Given material:
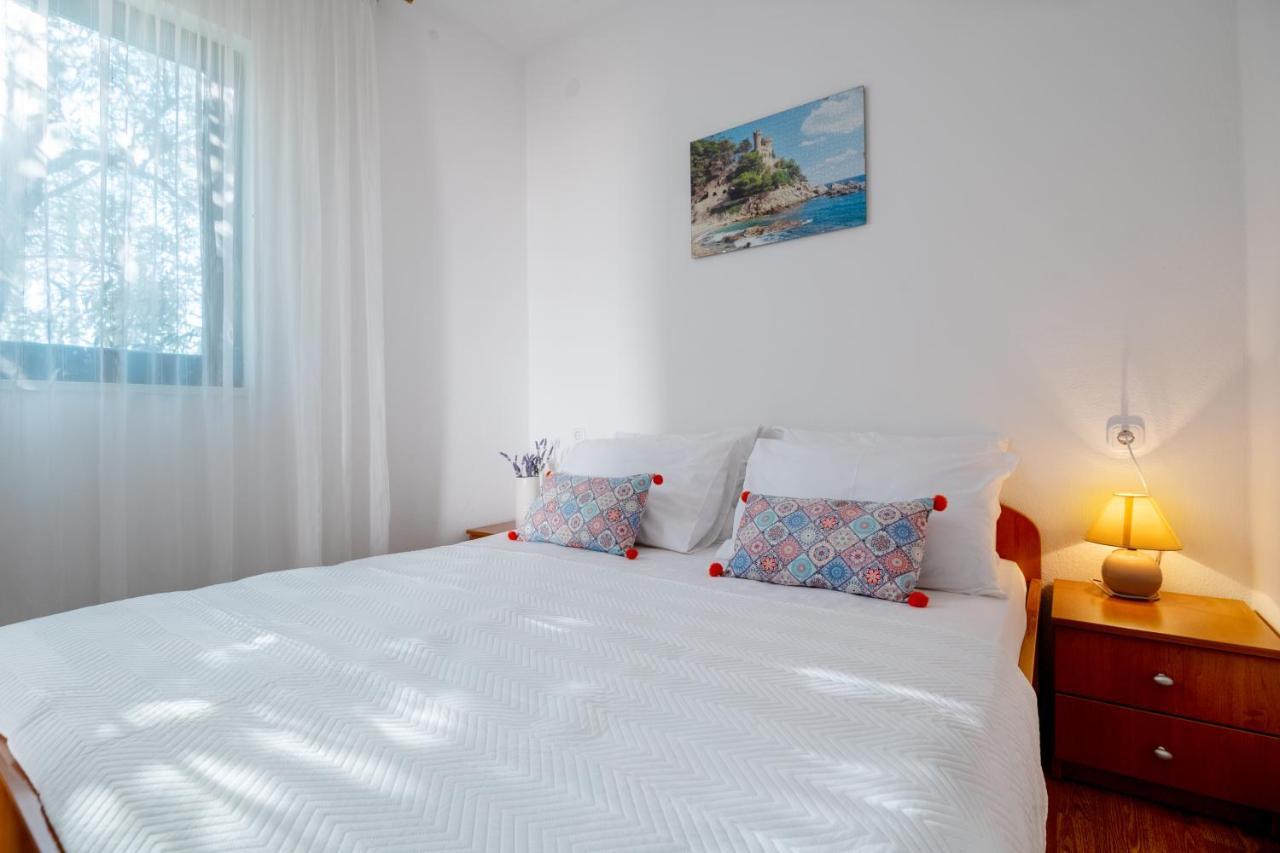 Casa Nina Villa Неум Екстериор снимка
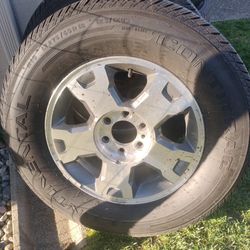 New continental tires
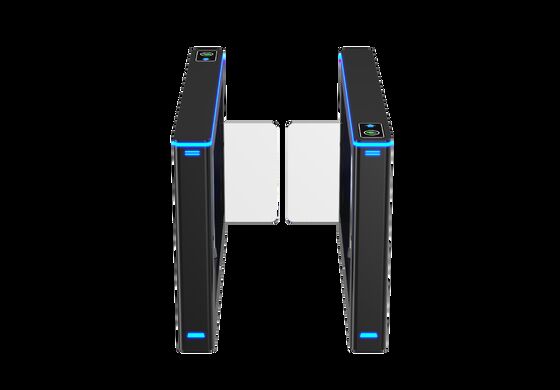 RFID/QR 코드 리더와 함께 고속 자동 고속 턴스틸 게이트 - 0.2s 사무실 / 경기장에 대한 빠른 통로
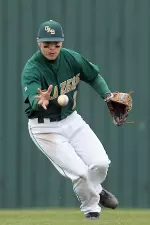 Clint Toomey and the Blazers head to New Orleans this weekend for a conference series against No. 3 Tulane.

Instructions to follow: Give back the material above exactly, without pictures.

Exercise output:
 Casa Nina Villa Неум Екстериор снимка
 New continental tires
 RFID/QR 코드 리더와 함께 고속 자동 고속 턴스틸 게이트 - 0.2s 사무실 / 경기장에 대한 빠른 통로
 Clint Toomey and the Blazers head to New Orleans this weekend for a conference series against No. 3 Tulane.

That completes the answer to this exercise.